▶ [EXERCISE AIM]:
Are you able to retype all the records below exactly?

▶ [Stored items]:
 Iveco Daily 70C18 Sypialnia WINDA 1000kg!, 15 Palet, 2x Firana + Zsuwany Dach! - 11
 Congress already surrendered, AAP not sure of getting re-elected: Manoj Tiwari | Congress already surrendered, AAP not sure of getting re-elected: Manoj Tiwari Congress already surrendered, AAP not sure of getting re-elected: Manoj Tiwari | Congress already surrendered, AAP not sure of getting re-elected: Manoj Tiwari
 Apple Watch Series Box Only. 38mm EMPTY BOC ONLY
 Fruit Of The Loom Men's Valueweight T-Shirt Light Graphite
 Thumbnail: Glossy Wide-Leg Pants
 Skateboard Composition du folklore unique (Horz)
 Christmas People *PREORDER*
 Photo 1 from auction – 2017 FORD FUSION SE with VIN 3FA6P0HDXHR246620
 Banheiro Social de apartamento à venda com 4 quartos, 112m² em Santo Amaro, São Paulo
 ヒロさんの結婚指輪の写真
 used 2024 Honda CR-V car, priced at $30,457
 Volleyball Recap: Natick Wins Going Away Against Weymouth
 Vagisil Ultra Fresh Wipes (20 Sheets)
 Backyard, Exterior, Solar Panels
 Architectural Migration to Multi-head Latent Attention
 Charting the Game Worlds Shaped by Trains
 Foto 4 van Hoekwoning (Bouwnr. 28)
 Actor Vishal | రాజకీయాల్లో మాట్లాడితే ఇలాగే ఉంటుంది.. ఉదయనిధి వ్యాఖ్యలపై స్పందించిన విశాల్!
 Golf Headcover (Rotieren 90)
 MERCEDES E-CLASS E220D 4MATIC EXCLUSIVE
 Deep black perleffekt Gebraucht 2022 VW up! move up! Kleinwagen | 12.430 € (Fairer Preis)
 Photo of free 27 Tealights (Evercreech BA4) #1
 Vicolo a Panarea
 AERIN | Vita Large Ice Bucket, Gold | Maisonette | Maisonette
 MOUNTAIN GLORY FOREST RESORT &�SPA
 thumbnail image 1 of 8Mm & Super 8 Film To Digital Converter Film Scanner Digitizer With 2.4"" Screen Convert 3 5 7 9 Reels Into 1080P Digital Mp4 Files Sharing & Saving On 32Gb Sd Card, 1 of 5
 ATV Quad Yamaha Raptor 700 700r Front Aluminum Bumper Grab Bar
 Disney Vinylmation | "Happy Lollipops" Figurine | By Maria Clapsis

▶ [EXERCISE RESPONSE]:
 Iveco Daily 70C18 Sypialnia WINDA 1000kg!, 15 Palet, 2x Firana + Zsuwany Dach! - 11
 Congress already surrendered, AAP not sure of getting re-elected: Manoj Tiwari | Congress already surrendered, AAP not sure of getting re-elected: Manoj Tiwari Congress already surrendered, AAP not sure of getting re-elected: Manoj Tiwari | Congress already surrendered, AAP not sure of getting re-elected: Manoj Tiwari
 Apple Watch Series Box Only. 38mm EMPTY BOC ONLY
 Fruit Of The Loom Men's Valueweight T-Shirt Light Graphite
 Thumbnail: Glossy Wide-Leg Pants
 Skateboard Composition du folklore unique (Horz)
 Christmas People *PREORDER*
 Photo 1 from auction – 2017 FORD FUSION SE with VIN 3FA6P0HDXHR246620
 Banheiro Social de apartamento à venda com 4 quartos, 112m² em Santo Amaro, São Paulo
 ヒロさんの結婚指輪の写真
 used 2024 Honda CR-V car, priced at $30,457
 Volleyball Recap: Natick Wins Going Away Against Weymouth
 Vagisil Ultra Fresh Wipes (20 Sheets)
 Backyard, Exterior, Solar Panels
 Architectural Migration to Multi-head Latent Attention
 Charting the Game Worlds Shaped by Trains
 Foto 4 van Hoekwoning (Bouwnr. 28)
 Actor Vishal | రాజకీయాల్లో మాట్లాడితే ఇలాగే ఉంటుంది.. ఉదయనిధి వ్యాఖ్యలపై స్పందించిన విశాల్!
 Golf Headcover (Rotieren 90)
 MERCEDES E-CLASS E220D 4MATIC EXCLUSIVE
 Deep black perleffekt Gebraucht 2022 VW up! move up! Kleinwagen | 12.430 € (Fairer Preis)
 Photo of free 27 Tealights (Evercreech BA4) #1
 Vicolo a Panarea
 AERIN | Vita Large Ice Bucket, Gold | Maisonette | Maisonette
 MOUNTAIN GLORY FOREST RESORT &�SPA
 thumbnail image 1 of 8Mm & Super 8 Film To Digital Converter Film Scanner Digitizer With 2.4"" Screen Convert 3 5 7 9 Reels Into 1080P Digital Mp4 Files Sharing & Saving On 32Gb Sd Card, 1 of 5
 ATV Quad Yamaha Raptor 700 700r Front Aluminum Bumper Grab Bar
 Disney Vinylmation | "Happy Lollipops" Figurine | By Maria Clapsis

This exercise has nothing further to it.